As with "The Encounter," this story deals with longing for adventure and escape, though here this longing finds a focus in the object of the narrator's desire. The title, "Araby," also suggests escape. To the nineteenth-century European mind, the Islamic lands of North Africa, the Near East, and the Middle East symbolized decadence, exotic delights, escapism, and a luxurious sensuality. The boy's erotic desires for the girl become joined to his fantasies about the wonders that will be offered in the Orientalist bazaar. He dreams of buying her a suitably romantic gift.
The third story of the collection, it is the last story with a first-person narrator. It continues with the ages-of-life structure: we have had young boys for our protagonists in both "The Sisters" and "An Encounter," and here we have a boy in the throes of his first passion. As the boy is becoming a man, the bazaar becomes emblematic for the difficulty of the adult world, in which the boy proves unable to navigate. Boyish fantasies are dashed by the realities of life in Dublin. The first three stories are all narrated in the first-person, and they all have nameless boys as their narrators. All three narrators seem sensitive and intelligent, with keen interests in learning and a propensity for fantasy. Joyce, still in his early twenties when he wrote Dubliners, clearly drew on his own personal experiences more directly in writing these three tales. The namelessness of all three boys also encourages interpreters to identify them with Joyce, although from an interpretive point of view this move does little to illuminate the stories.
"Araby"'s key theme is frustration, as the boy deals with the limits imposed on him by his situation. The protagonist has a series of romantic ideas, about the girl and the wondrous event that he will attend on her behalf. But on the night when he awaits his uncle's return so that he can go to the bazaar, we feel the boy's frustration mounting. For a time, the boy fears he may not be able to go at all. When he finally does arrive, the bazaar is more or less over. His fantasies about the bazaar and buying a great gift for the girl are revealed as ridiculous. For one thing, the bazaar is a rather tawdry shadow of the boy's dreams. He overhears the conversation of some of the vendors, who are ordinary English women, and the mundane nature of the talk drives home that there is no escape: bazaar or not, the boy is still in Dublin, and the accents of the vendors remind the reader that Dublin is a colonized city.

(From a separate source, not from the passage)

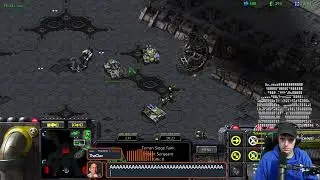 【9.9.24】 SC:R 1v1 (FPVOD) Artosis (T) vs (P) 【Map: Radeon】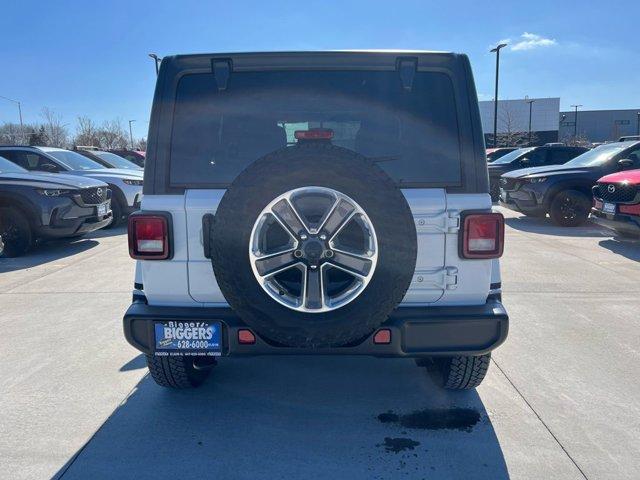 used 2021 Jeep Wrangler car, priced at $27,249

The boy has arrived too late to do any serious shopping, but quickly we see that his tardiness does not matter. Any nice gift is well beyond the protagonist's price range. We know, from the description of the boy's housing situation and the small sum his uncle gives him, that their financial situation is tight. Though his anticipation of the event has provided him with pleasant daydreams, reality is much harsher. He remains a prisoner of his modest means and his city.